Cela faisait presque dix ans que je travaillais au sein de l’administration publique québécoise, lorsqu’avec mon patron de l’époque, lui-même énarque, nous avons évoqué la formation à l’ENA. Sa confiance en moi m’a poussée à tenter l’aventure, car je souhaitais élargir mes horizons, acquérir une expérience internationale différente et pratique. Par ailleurs, parce que viser haut ne peut qu’être une bonne idée et que j’aspire un jour à occuper de plus hautes fonctions dans l’administration, l’ENA me semblait un tremplin très prometteur.

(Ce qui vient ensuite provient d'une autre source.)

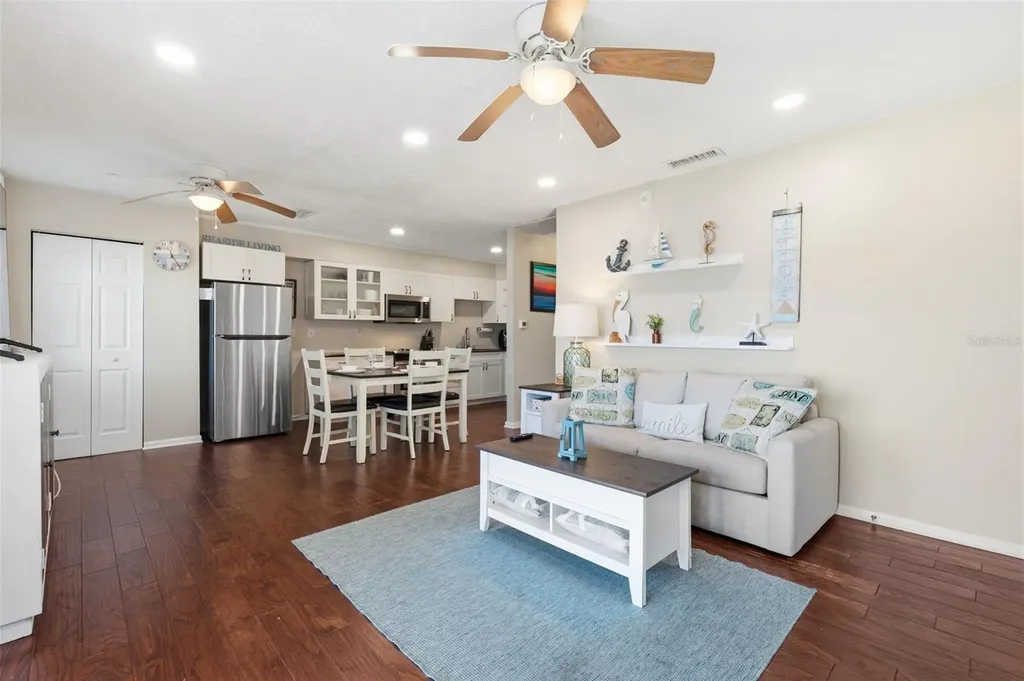 5117 Salmon Drive SE St Petersburg FL 33705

Qu’avez-vous appris à l’ENA-INSP et en quoi ce passage a-t-il infléchi votre trajectoire professionnelle ? Est- ce que vous recommandez ce passage par l’INSP à des jeunes de votre entourage ?
J’ai acquis beaucoup à l’ENA. Des compétences variées et polyvalentes, un élargissement de mes horizons professionnels. J’y ai aussi rencontré beaucoup d’autres personnes qui, comme moi, ont le service public « tatoué sur le cœur ».
Je crois pouvoir affirmer que mon passage à l’ENA m’a préparée à occuper les fonctions de conseillère aux affaires politiques et à la coopération au sein de la Délégation générale du Québec à Paris de 2018 à 2022.
Il m’a également donné plus d’assurance en mes capacités et compétences, assurance qui me permet d’occuper le poste que j’occupe aujourd’hui. Avant l’ENA, et comme femme, noire, je n’aurais probablement jamais osé poser ma candidature sur un poste de direction nouvellement créé au sein du Secrétariat à la réforme des institutions démocratiques, à l’accès à l’information et à la laïcité. Mais l’ENA m’a appris à oser, à viser haut, et aujourd’hui, je suis ravie de travailler, avec mon équipe, comme directrice de la laïcité et pour la promotion du modèle québécois tel que défini par la Loi sur la laïcité de l’État.
L’ENA, c’est aussi l’occasion de tisser des liens avec des personnes influentes et d’autres professionnels du secteur public venant d’un peu partout dans le monde. Cela permet de créer un précieux réseau pour la carrière, mais aussi de fortes amitiés. C’est pourquoi je n’hésite pas à recommander le passage à l’INSP aux jeunes de mon entourage, en leur rappelant de profiter de chaque étape de la formation, que ce soit à Strasbourg ou durant les stages.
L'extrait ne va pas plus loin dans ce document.